Let’s produce a table of descriptive statistics (mean and standard deviation) and sample size for each treatment. This table is commonly used to report data considering multiple groups:

```
meanShift <- tapply(circadian$shift, circadian$treatment, mean)
sdevShift <- tapply(circadian$shift, circadian$treatment, sd)
n <- tapply(circadian$shift, circadian$treatment, length)
data.frame(mean = meanShift, std.dev = sdevShift, n = n)
```

The function `data.frame`

(used above) is extremely useful but won’t be covered in details in BIOL322. It suffices to say that `data.frame`

allows to place together different variables into a common data structure.
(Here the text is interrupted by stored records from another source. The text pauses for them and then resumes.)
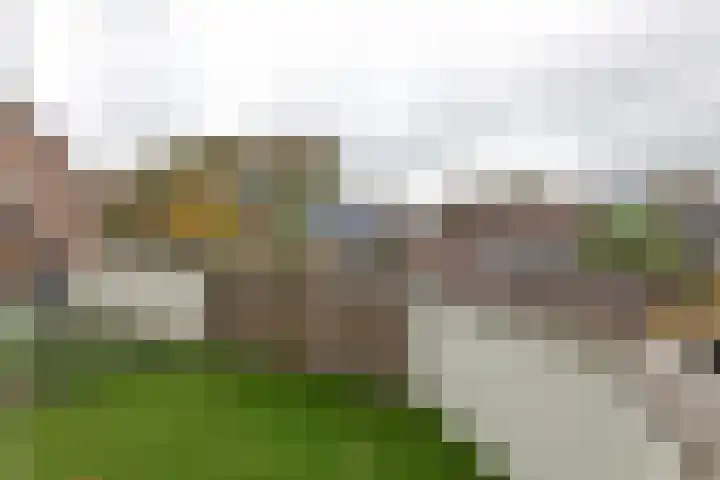 Prauw 32 Veenendaal thumbnail 24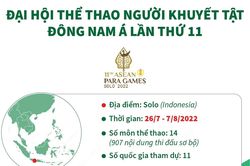 Đại hội Thể thao người khuyết tật Đông Nam Á lần thứ 11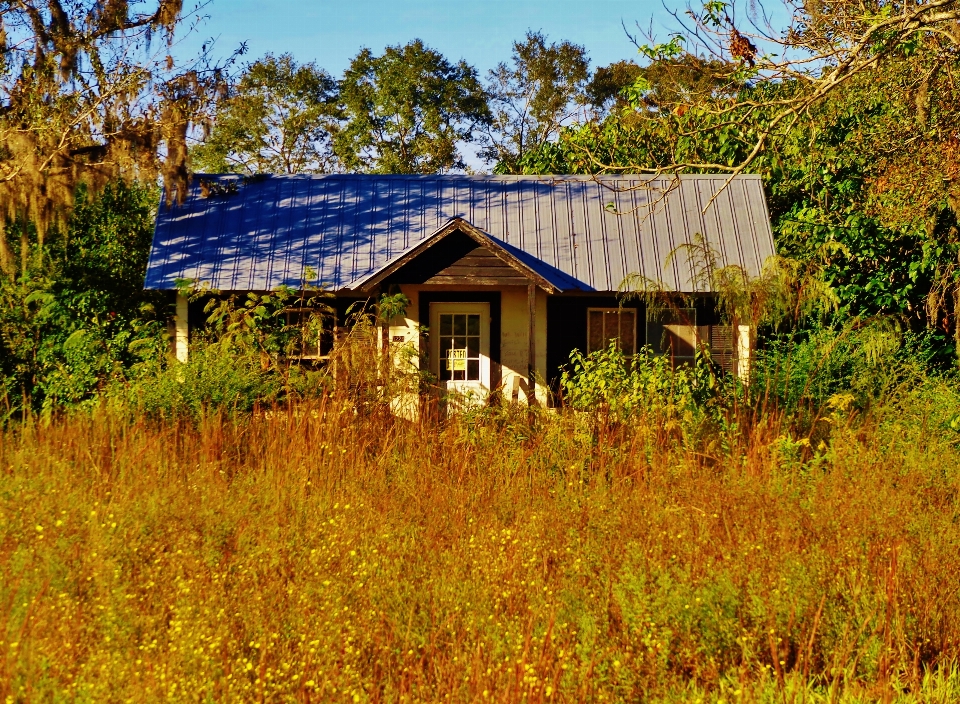 Krajobraz drzewo natura las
In the above case these variables were the mean, standard deviation and sample size (n).

**Problem 2:**

Create code to generate a similar table to the one above but that also includes the median of each group (just after the mean).
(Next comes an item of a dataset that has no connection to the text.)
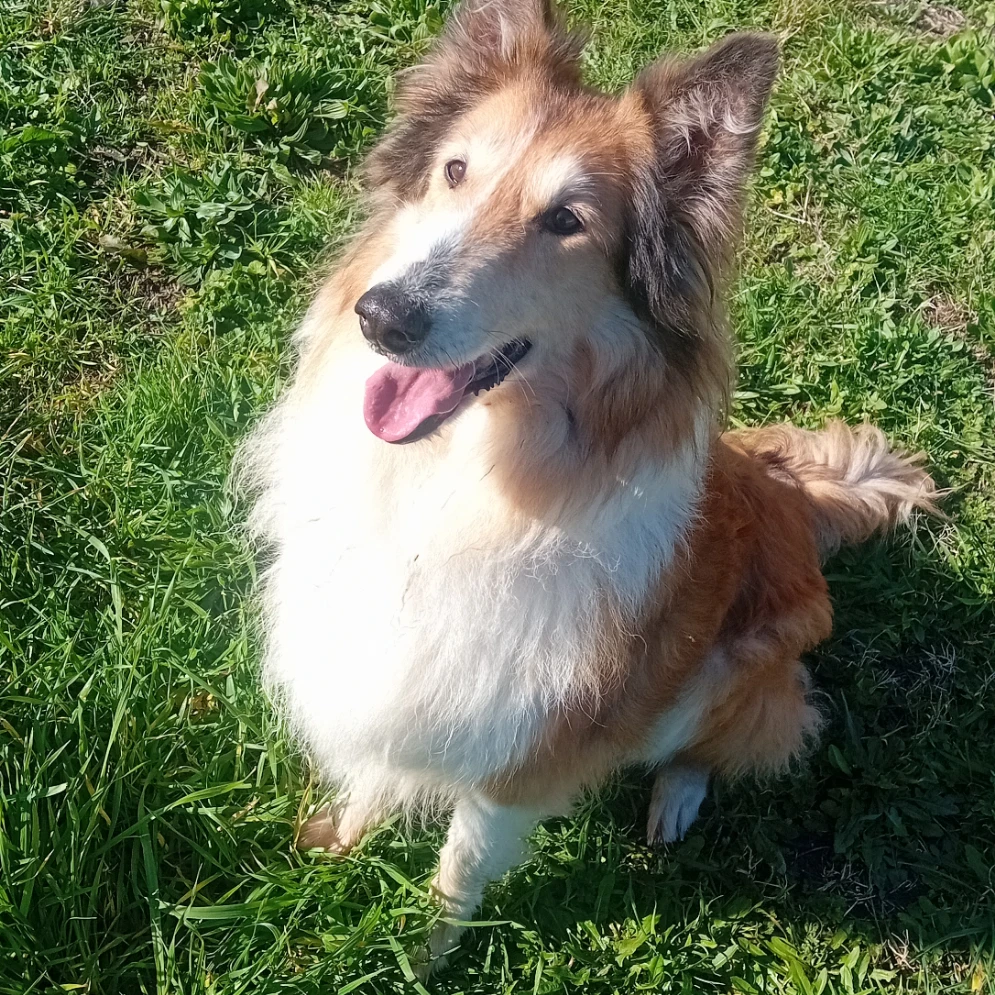 Lessie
In your file identify problem 2:

`#`

Problem 2: enter your code here.

`#`

continue your answer

**Analysis of variance (ANOVA)**

To conduct an Analysis of Variance (ANOVA), we use the function `aov`

which stands for `analysis of variance`

. The function `aov`

analyzes a response variable (dependent variable) as a function (hence the symbol `~`

) of a categorical predictor. Here we want to analyse the variation in shifts in circadian rhythm (response variable) as a function of light treatment (predictor). The function `anova`

is then used to create the anova table, including the F-value for the analysis and its associated P-value.

```
circadianANOVA <- aov(shift ~ treatment, data = circadian)
anova(circadianANOVA)
```

**Problem 3:**

3.a) Using an significance level (alpha) equal to 0.05, should we reject or not the null hypothesis?

3.b) Provide an alpha value in which the null hypothesis would not be rejected.
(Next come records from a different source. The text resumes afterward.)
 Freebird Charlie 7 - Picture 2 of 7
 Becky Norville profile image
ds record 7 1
In your file identify problem 3:

`#`

Problem 3: write your answer.

`#`

continue your answer

**Post-hoc test: Tukey-Kramer tests between all pairs of means**

`Post-hoc`

means “performed after the event” where the event here is the ANOVA. So, we conduct the ANOVA first, and then conduct the Tukey-Kramer `Post-hoc`

test. `Post-hoc`

is the jargon used in stats books!

Now we will conduct the Tukey-Kramer tests between all pairs of means to evaluate which `contrast`

(any given difference between a pair of means) are significantly different. The function `TukeyHSD`

uses the object created by the function `aov`

earlier to compare all possible mean differences (contrasts) between groups (treatments):

```
posthoc <- TukeyHSD(circadianANOVA, conf.level=0.95)
posthoc
```

The adjusted probability (p adj) is the P-value calculated on the basis that 3 different statistical tests were performed for the same data.

**Problem 4:**

Using a significance level (alpha) equal to 0.05, which pairs of means should be considered significantly different? Provide an explanation of the results in the context of the research problem.

In your file identify problem 4:

`#`

Problem 4: write your answer.

`#`

continue your answer

Submit the RStudio file containing the report via Moodle.